ASSIGNED TASK ->
Although the data below contains pictures, output only the lines between those holding "Immagine 56 di" and "靠挂机，日入1000+，躺着", inclusive, exactly and without those pictures.

RECORDS FOR THE EXERCISE ->

• • • • • • •

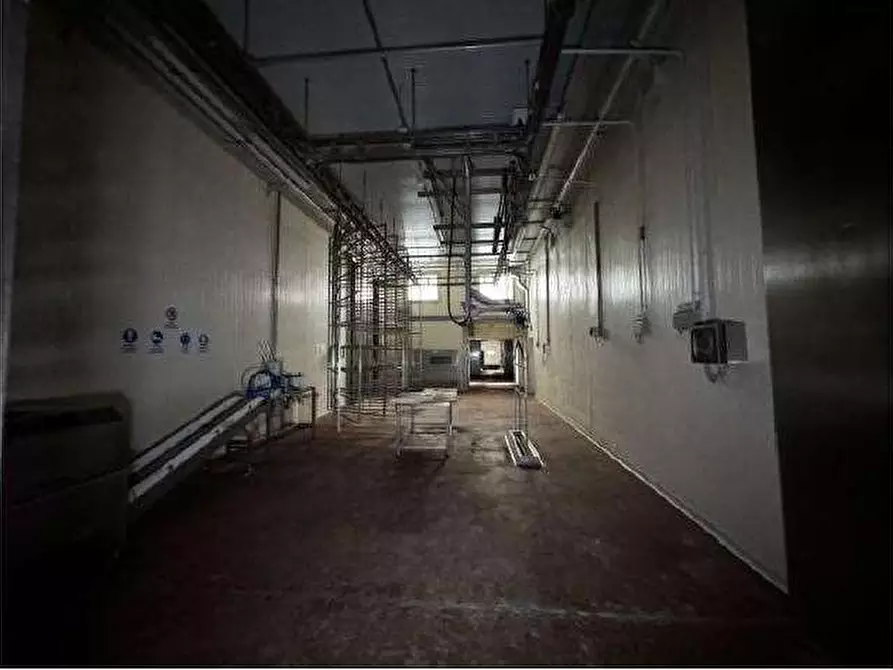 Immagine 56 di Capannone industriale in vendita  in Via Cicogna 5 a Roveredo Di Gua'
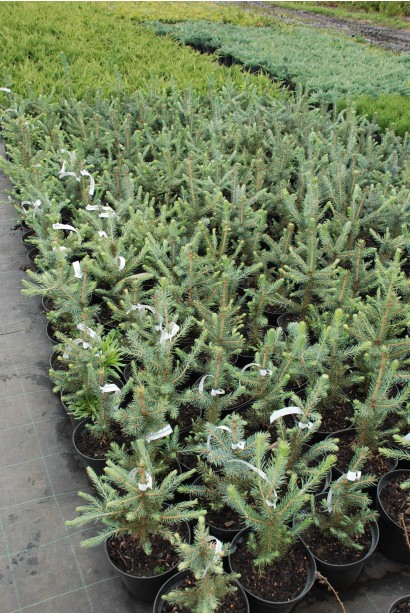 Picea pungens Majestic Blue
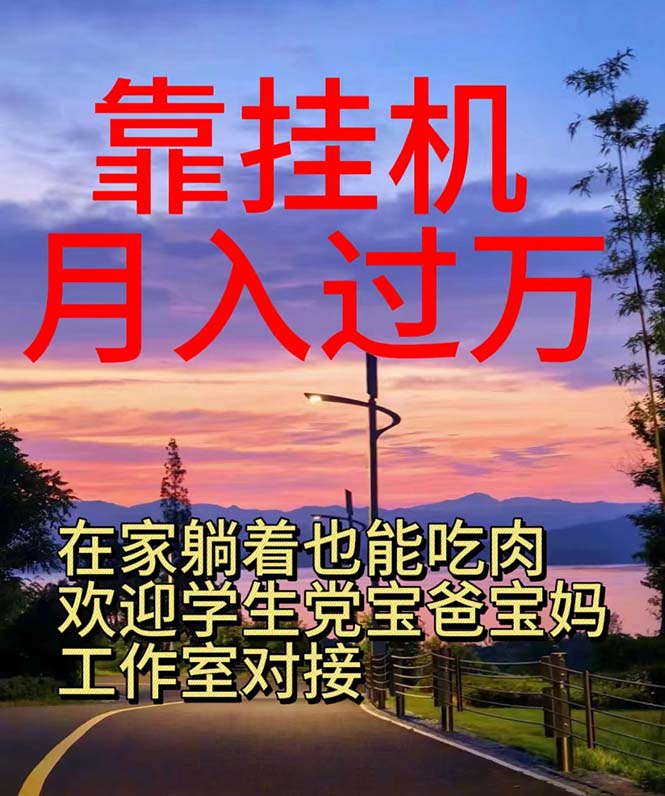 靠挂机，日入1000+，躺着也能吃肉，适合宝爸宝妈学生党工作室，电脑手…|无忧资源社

• • • • • • •

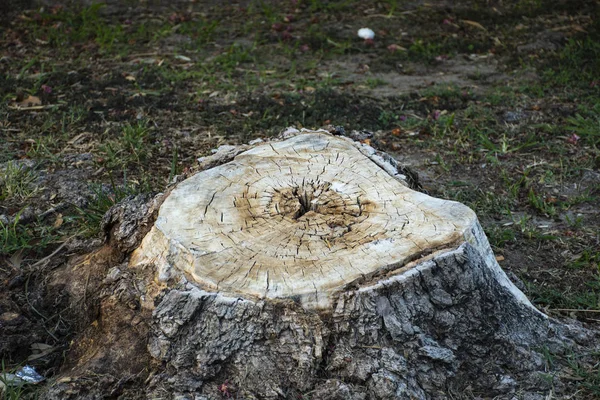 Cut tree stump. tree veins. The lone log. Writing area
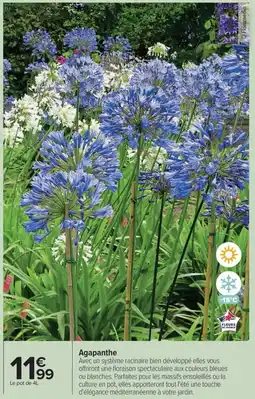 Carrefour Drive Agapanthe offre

• • • • • • •

ANSWER TO THIS TASK ->
 Immagine 56 di Capannone industriale in vendita  in Via Cicogna 5 a Roveredo Di Gua'
 Picea pungens Majestic Blue
 靠挂机，日入1000+，躺着也能吃肉，适合宝爸宝妈学生党工作室，电脑手…|无忧资源社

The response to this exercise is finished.